For each neuron, an LN model was fitted to estimate its firing rate as a function of the preceding cochleagram. The LN model consists of an STRF, followed by a sigmoid nonlinearity (Fig 2A). As mentioned in the Methods, the STRF is the weighted sum of the cochleagram over frequency components at a span of latencies. The effect of different spans of latencies (lengths) of the STRF was investigated. For the held-out test set, and averaged over the 73 neurons, the mean normalized correlation coefficient, mean CC_{norm} [30,31], between the actual neural responses and the prediction of LN models with 25, 50, 100, 200, and 400 ms long STRFs are respectively 0.51, 0.64, 0.69, 0.71, and 0.71 (Fig 2B), where 1.0 is the maximum achievable prediction given the estimated neuronal noise and 0.0 indicates that there is no correlation between actual and predicted neural responses. The means of non-normalized Pearson correlation coefficients (CC) are 0.40, 0.50, 0.54, 0.55, and 0.55 respectively. Fig 2C shows STRFs of some example neurons estimated by the LN model.

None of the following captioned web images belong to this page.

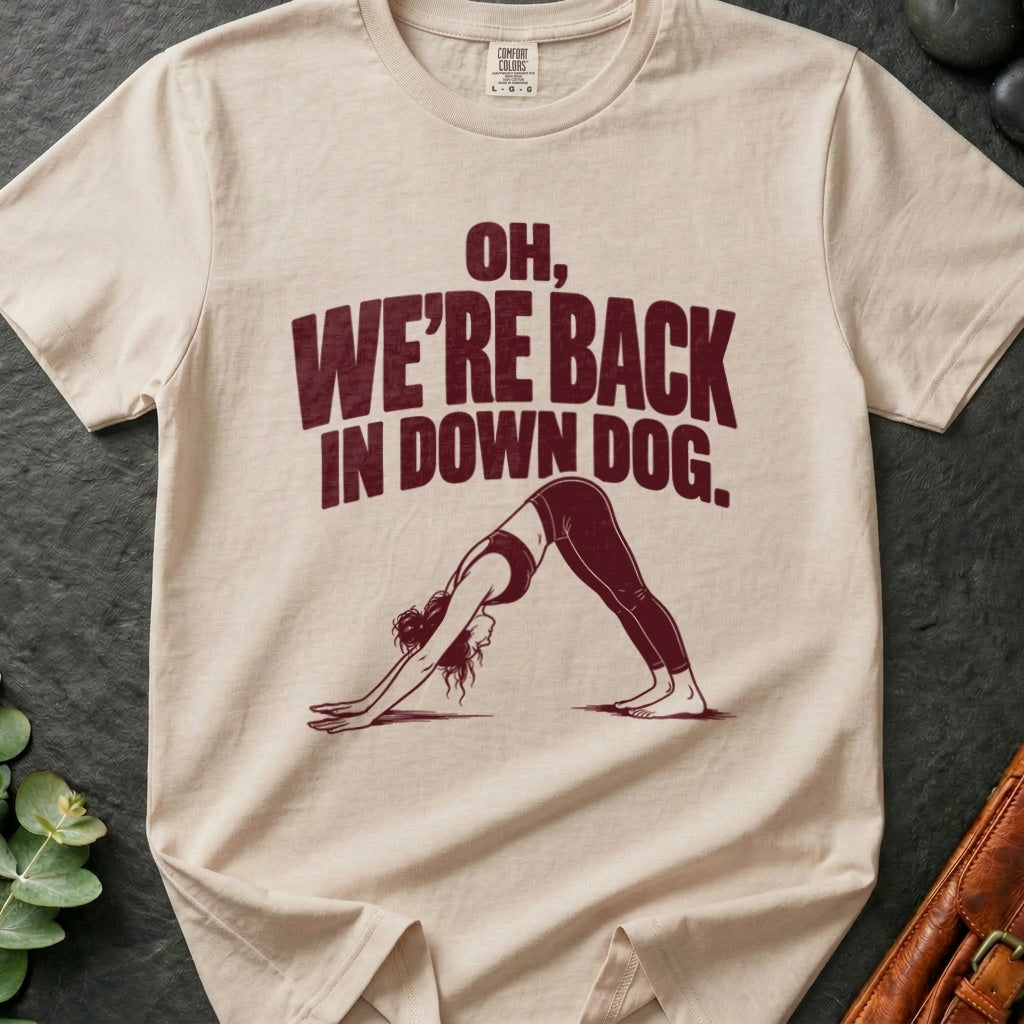 rooted-avenue-c3b2d654-92c2-4d24-a601-0d49072ed58e-28. Back in Down Dog_Ivory_compressed.jpg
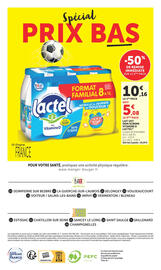 Catalogue Maximarché page 40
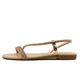 thumbnail image 2 of Sandalias Moda Latorre 81P2783 para Mujer, 2 of 4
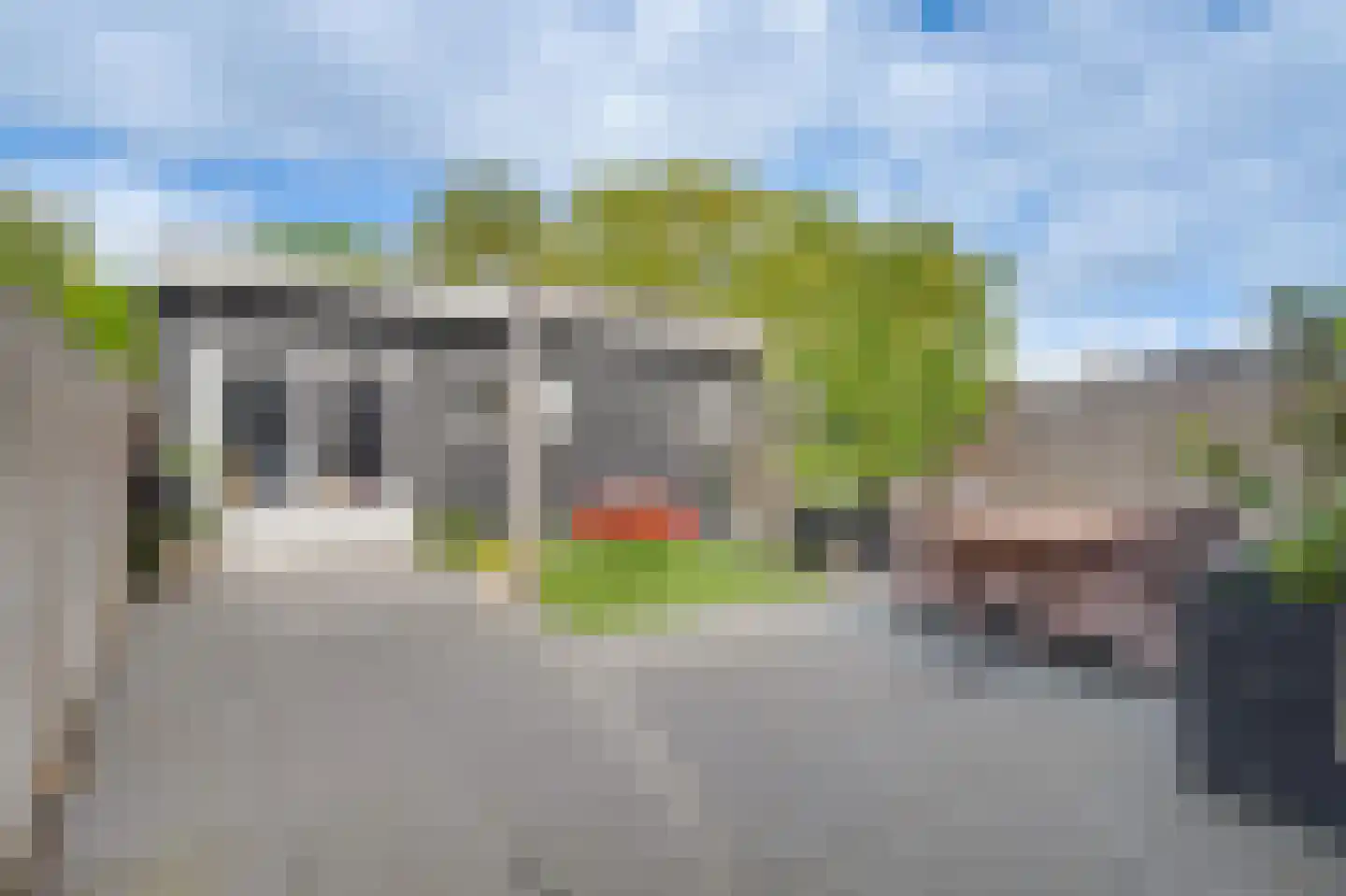 Lindenlaan 9 Zuid-Scharwoude thumbnail 36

A. The LN model, which consists of a spectrotemporal receptive field (STRF) followed by a sigmoid nonlinearity. B. Normalized correlation coefficients (CC_{norm}) between neural responses and the prediction of the LN model with different latency spans. Each black dot represents a neuron, the curve indicates the mean over 73 neurons and error bars indicate standard error of the mean. C. STRFs of some example neurons, for LN models with different latency spans. Red, excitatory fields, blue, inhibitory. Excitatory and inhibitory fields extend up to 100 ms in most cases and up to 200 ms in some cases.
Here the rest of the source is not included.